Sri Lankan President Chandrika Kumaratunga said she and her fellow citizens felt solidarity with those affected.Please understand that the effective exchange rate is roughly 1:10, so this would cost them $250,000 in local buying power. I know it doesn't really make sense for Sri Lanka to offer the U.S. money, not with more than 30,000 dead from the tsunami and close to a million of their own people still homeless, almost all of whom are still living in temporary housing (tents, or tin houses). And yet, it's such a gracious gesture that I just want to cheer and say, "Well done!"
"Having experienced the fury of nature ourselves during the December 26 tsunami, the people of Sri Lanka and I fully empathize with you at this hour of national grief," she said in a message to the U.S.
And while the small island nation is still recovering from the tsunami disaster, it also pledged $25,000 to the American Red Cross, the AP reported.
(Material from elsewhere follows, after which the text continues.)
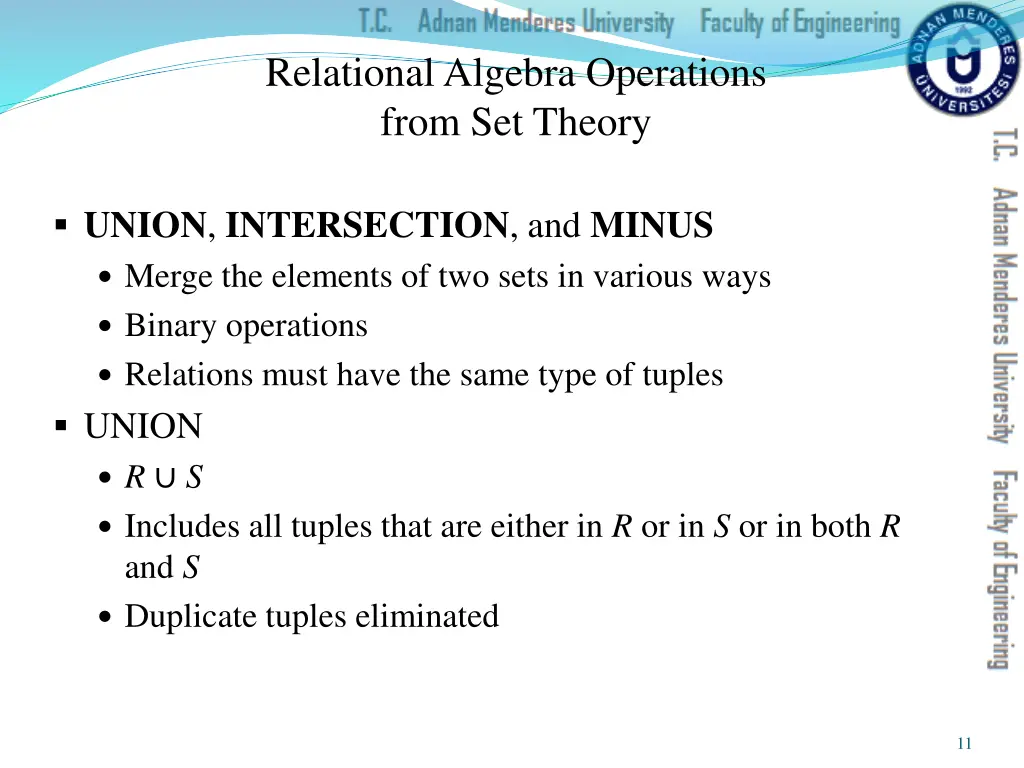 relational algebra operations from set theory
And closer to home, I've pleased to note that my own Roosevelt University is welcoming hurricane-affected undergrad and graduate students, waiving enrollment fees, promising to do what they can to offer financial aid, and hopefully offer housing as well. It's not as splendid as Franklin College offering free admission and tuition, but at least they're doing something. I'm very glad.
Mills is offering undergrad women fall semester admission with non-matriculated status -- they don't say anything about it being free, so I'm not sure exactly what that phrasing means.